Apnea emotiva: cos’è e come affrontarla senza spaventarsi

apnea emotiva: che cos'è
L'apnea emotiva è una reazione che possono avere i bambini molto piccoli ma non è una patologia

Ieri la mia bimba mi ha fatto prendere un colpo. Ha solo 11 mesi (compiuti proprio oggi!) ma sta seriamente attentando alla mia salute (soprattutto psichica) con ogni mezzo. Ieri mattina l’ho portata a fare il vaccino che già di per sé mi genera ogni volta una certa dose di ansia e lei dopo la prima puntura è andata in apnea.

Mi sono spaventata a morte, non era mai successo (questo era il terzo richiamo) l’infermiera continuava a dirmi di soffiarle in bocca, io lo facevo ma lei non si riprendeva: mi ha preso il panico, a un certo punto sembrava che si accasciasse; ancora ho impressa la sua faccia, il suo sguardo assente.

In quel minuto ho pensato che potesse essere stata una reazione al vaccino, ma poi a mentre fredda ho capito che era impossibile, nemmeno aveva avuto il tempo di entrargli in circolo il vaccino. Per fortuna poi la nana si è ripresa, l’infermiera me l’ha presa dalle braccia perché ha visto che ero andata in tilt e le ha soffiato energicamente in bocca e la bimba ha iniziato a piangere. (Vi consiglio di non andare mai da sole a fare queste cose con i vostri bimbi, potrebbero succedere episodi come questo in cui non riuscite a reagire)

L’infermiera e la pediatra mi hanno spiegato che è stata una reazione a cui viene dato il nome di apnea emotiva (ma è conosciuta anche come spasmo affettivo) e può accadere che i bimbi fino ai 3 anni possano avere questo tipo di reazione: vanno letteralmente in apnea, smettono di respirare e in alcuni casi possono arrivare anche allo svenimento a causa della scarsa ossigenazione.
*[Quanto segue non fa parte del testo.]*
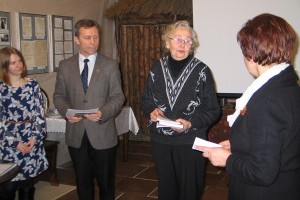 Ilgametė Raudonojo kryžiaus Šilutės skyriaus vadovė Joana Kubaitienė vakaro metu perdavė muziejui knygas, kuriose aprašyta šio skyriaus veikla. Foto 099+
Mi hanno detto che non è una patologia, e che i bambini poi riprendono a respirare, quindi devo stare tranquilla….se vabbè.

Quando poi mi sono ripresa (ci ho messo più tempo io che la piccola ovviamente) mi hanno detto che è una reazione che i bimbi possono avere anche in occasione di un banalissimo capriccio: iniziano a trattenere il fiato e vanno in apnea per qualche secondo. Bene anche questa mi ci mancava, non si finisce mai di imparare.

La seconda puntura gliel’hanno fatta in piedi in braccio a me perché appena avevo sdraiato la bimba sul lettino lei stava per rifarci lo stesso scherzetto; inutile dire che nemmeno avevano iniziato a farle la puntura che io già avevo iniziato a soffiarle in faccia….ha pianto tanto ma nessuna apnea emotiva al secondo round.

Questa nana mi farà morire giovane. Quando si diventa genitori davvero cambiano un sacco di cose e anche se sono al secondo figlio (e qui mi fermo) ho capito che su certe cose non smetterò mai di preoccuparmi, una volta che diventi genitore sei fottuto, l’ansia sarà la tua fedele compagna di viaggio.